Required work
The stretch wanted below opens at the line containing "1'' NPT Außengewinde" and closes at the line containing "Best Custom Engraved". Please return it exactly, with no other lines.

Records supplied
%%

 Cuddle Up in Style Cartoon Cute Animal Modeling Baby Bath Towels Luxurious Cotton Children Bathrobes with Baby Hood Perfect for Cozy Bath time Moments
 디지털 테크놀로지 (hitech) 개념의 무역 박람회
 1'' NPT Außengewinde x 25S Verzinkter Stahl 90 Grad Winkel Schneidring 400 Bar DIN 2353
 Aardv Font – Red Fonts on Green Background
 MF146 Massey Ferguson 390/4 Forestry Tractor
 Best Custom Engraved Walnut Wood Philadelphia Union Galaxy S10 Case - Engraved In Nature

%%
%%

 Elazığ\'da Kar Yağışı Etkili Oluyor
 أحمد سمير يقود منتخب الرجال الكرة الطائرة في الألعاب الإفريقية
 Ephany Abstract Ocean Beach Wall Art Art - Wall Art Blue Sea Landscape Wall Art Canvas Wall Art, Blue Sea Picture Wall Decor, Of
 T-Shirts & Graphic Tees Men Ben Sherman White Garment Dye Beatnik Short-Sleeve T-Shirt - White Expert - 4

%%
%%

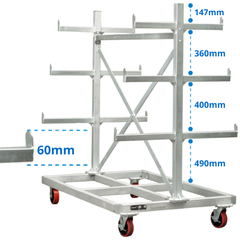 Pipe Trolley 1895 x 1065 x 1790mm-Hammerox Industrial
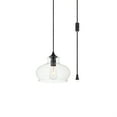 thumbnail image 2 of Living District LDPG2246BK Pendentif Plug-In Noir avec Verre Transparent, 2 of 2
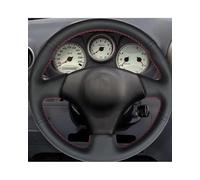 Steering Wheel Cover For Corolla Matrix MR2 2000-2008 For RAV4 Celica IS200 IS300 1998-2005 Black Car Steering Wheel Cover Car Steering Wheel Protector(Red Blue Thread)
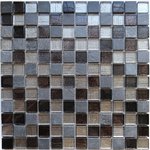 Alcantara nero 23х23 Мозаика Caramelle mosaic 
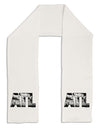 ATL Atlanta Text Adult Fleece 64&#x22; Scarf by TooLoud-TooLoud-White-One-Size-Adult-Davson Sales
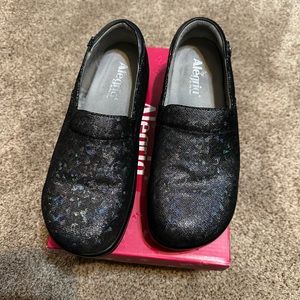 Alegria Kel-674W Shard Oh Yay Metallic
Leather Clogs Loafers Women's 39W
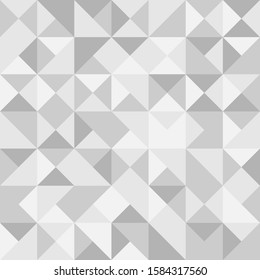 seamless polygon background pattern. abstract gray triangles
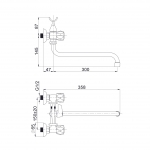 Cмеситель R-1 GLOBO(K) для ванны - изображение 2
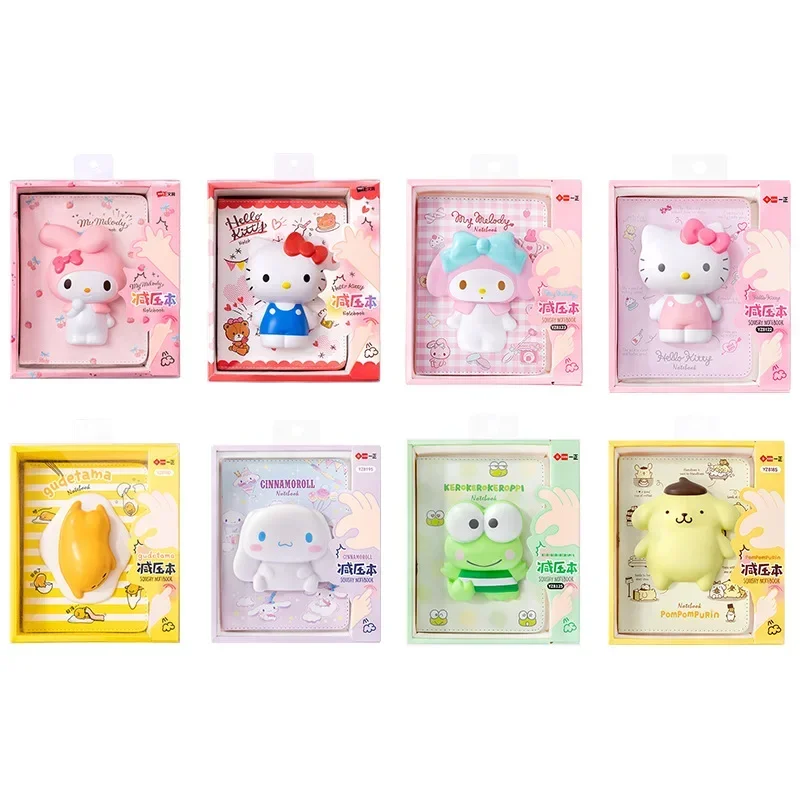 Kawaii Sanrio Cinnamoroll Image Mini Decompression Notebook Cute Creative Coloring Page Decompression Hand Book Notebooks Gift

%%

Written answer
 1'' NPT Außengewinde x 25S Verzinkter Stahl 90 Grad Winkel Schneidring 400 Bar DIN 2353
 Aardv Font – Red Fonts on Green Background
 MF146 Massey Ferguson 390/4 Forestry Tractor
 Best Custom Engraved Walnut Wood Philadelphia Union Galaxy S10 Case - Engraved In Nature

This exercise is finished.